■ **WHAT TO PRODUCE**
Go through the listing below and retype exactly the lines starting at the one with "8328 Orange Blossom Ave — Photo 6" and ending at the one with "Damestrui jako power", skipping pictures.

■ **MATERIAL FOR THIS EXERCISE**
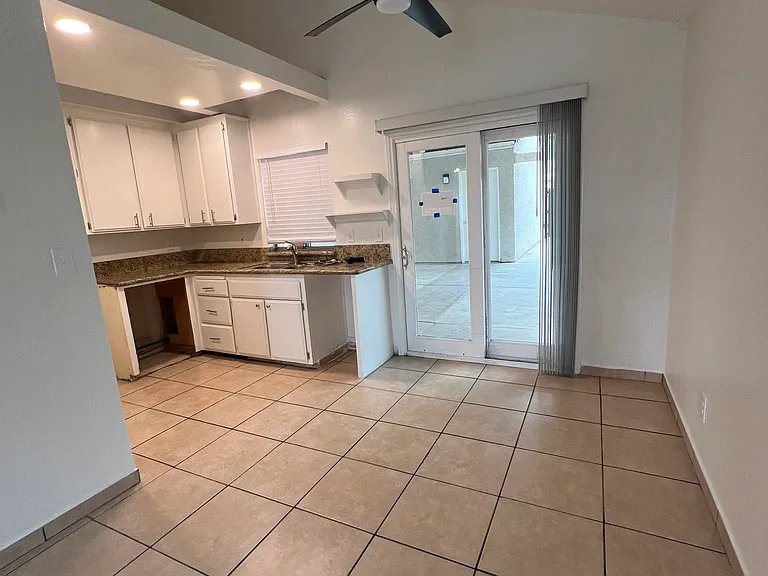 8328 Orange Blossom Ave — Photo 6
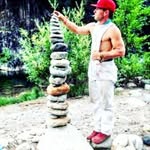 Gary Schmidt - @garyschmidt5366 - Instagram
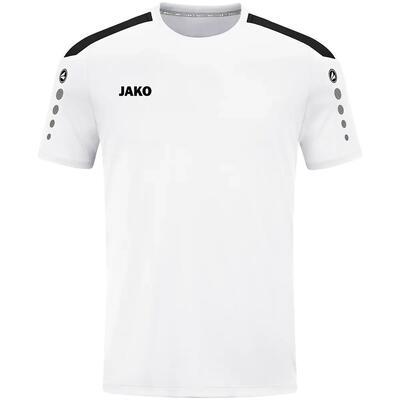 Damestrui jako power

==

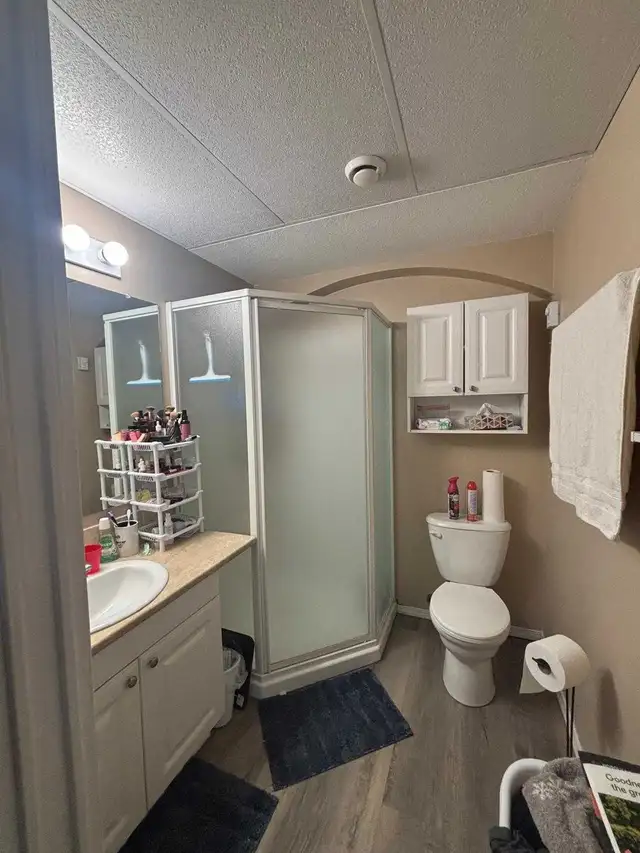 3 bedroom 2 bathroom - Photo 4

--

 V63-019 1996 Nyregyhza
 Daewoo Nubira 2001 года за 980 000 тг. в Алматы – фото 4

■ **RESULT**
 8328 Orange Blossom Ave — Photo 6
 Gary Schmidt - @garyschmidt5366 - Instagram
 Damestrui jako power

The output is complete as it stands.